Perennial Ageratum: We finally have some of this plant established in the garden and are looking forward to its cheerful August and September blooms. Marion, thanks for yet another wonderful donation! Eupatorium coelestinum, also known as Mistflower, looks like the annual argeratum, grows 2 feet tall, likes sun but tolerates shade. It needs virtually no care. It comes up late in the Spring, which is why you don’t see it at our Plant Sale. The only complaint I’ve heard of, is that for some, the seedlings are a problem. I’ve had the plant in my garden over 5 years and have nothing but praise for it. It combines well with Rudbeckia ‘Goldsturm’ or ‘Viette’s Little Suzy’ or better yet, with pink Japanese Anemone. It’s an old standard for gardens since its introduction in 1850.

Well, that’s about it for all the news that isn’t. Enjoy the last days of summer. See you at our monthly meeting.

May 19 2014

News from Kruse

Filed under Kruse House

What a happy day it was!!! We welcomed our new Kruse Museum volunteer, Kerry Perry, on clean-up day. Two truckloads of leaves and debris were hauled away. And even happier news—Kerry is still with us! We look forward to spending many more work days with Kerry.

We spent another session digging plants for the plant sale from the garden. Over the years plants have multiplied. We had also heeled-in plants that were donated for the plant sale during last year. We held them over the winter.

The garden is blooming with spring bulbs, grape hyacinths, tulips. The pasque flowers donated a few years ago by Jeff are exceptionally beautiful. They have developed into sizable clumps, start blooming in time for Easter, and continue blooming. There are still many buds that have not opened. They are in a poor, clay soil with no summer watering.

From checking our plantings we have found winter damage on our cotoneasters, the new, short varieties. The old large shrub variety cotoneasters are doing very well with no winter die-back. The other shrubs are mainly native varieties and withheld well. The shrub roses did well, especially John Cabot, donated by Carole. It is of the ‘explorer’ series and actually roared into spring, feeling right at home to a winter that was like the explorer, Canadian. Rosa Glauca looks very fine, an old rose from the 1600’s.
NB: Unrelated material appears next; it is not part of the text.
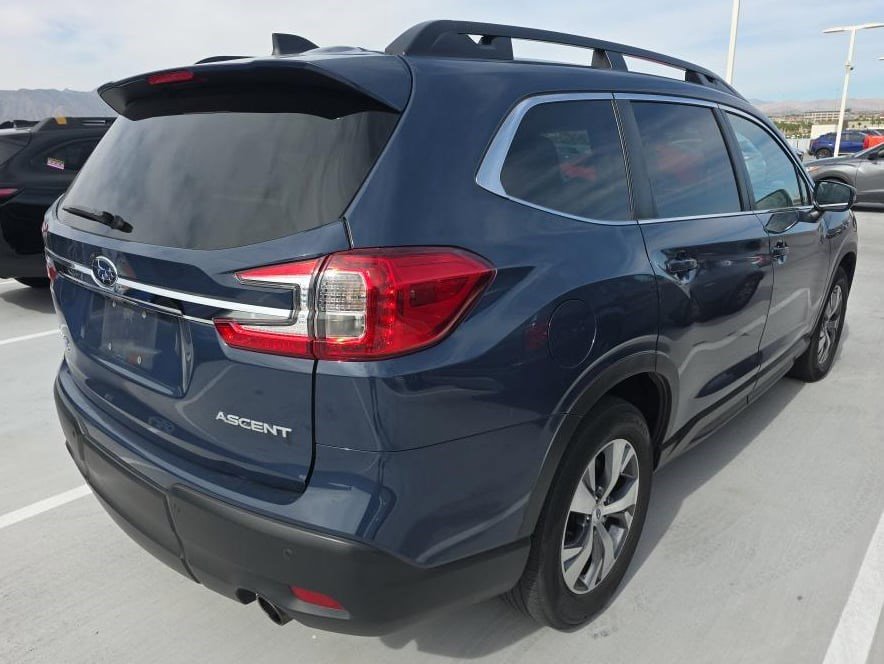 Used 2023 Subaru Ascent Premium w/ Convenience Package image 18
Some of the euphorbias took a beating, especially the Donkey tail. It should have been in bloom on cascading tails, but the weight of the snow and the wetness caused much damage. Our two newest tree donations, the gingko and the weeping spruce look very much alive and healthy, settling in well.
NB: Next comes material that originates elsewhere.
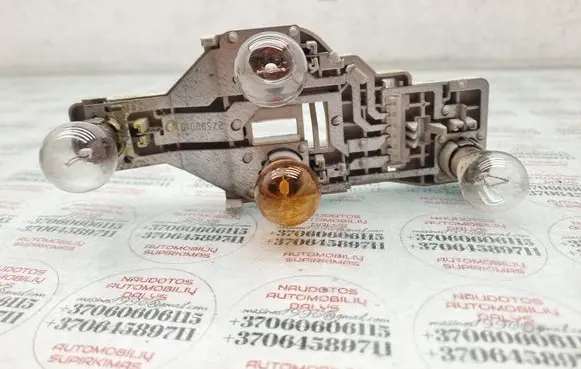 Skoda Octavia Mk2 (1Z) Tail light bulb cover holder 1Z9945257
We saved seeds from the old-fashioned petunia and zinnias. Both grow very well directly sown and quickly sprout when the weather warms. The old-time petunias are a great favorite of some of us. They come only in pastel colors, but one plant will grow 2ft by 2ft. They thrive in heat and need no extra watering. We noticed many of the old time flowers are making a comeback—as seen by some of the greenhouse seeding at Cantigny. People are getting tired of the short and stunted look and remember with nostalgia grandmother’s garden—sweet peas, petunias, hollyhocks, morning glories, iris and larkspur—zinnias and marigolds, probably a Jackmani clematis, a climbing rose or two on the fence, everything mixed together, smelling wonderfully and full of bees and butterflies. There wasn’t much weeding since the plants were tightly grown. Besides, what grandmother had time to weed—she knitted, crocheted, cooked and baby-sat—right?
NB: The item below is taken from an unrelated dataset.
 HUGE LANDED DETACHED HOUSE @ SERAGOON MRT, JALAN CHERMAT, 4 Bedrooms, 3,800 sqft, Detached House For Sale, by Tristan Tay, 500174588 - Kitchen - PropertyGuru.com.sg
So much for musings and remembrances—at the museum garden we look forward very hopefully to more bloom, better vistas, improvement in plant combinations, new additions—sometimes anticipated like a new addition to our family of plants. We have many discussions, what to pull, what to move. Is this plant to tall, too short? Can we give Tom free reign to cut? Trim? Shear? OR NOT?

Working in the garden is fun. Everyone is welcome, 9-12AM, Mondays. Join us.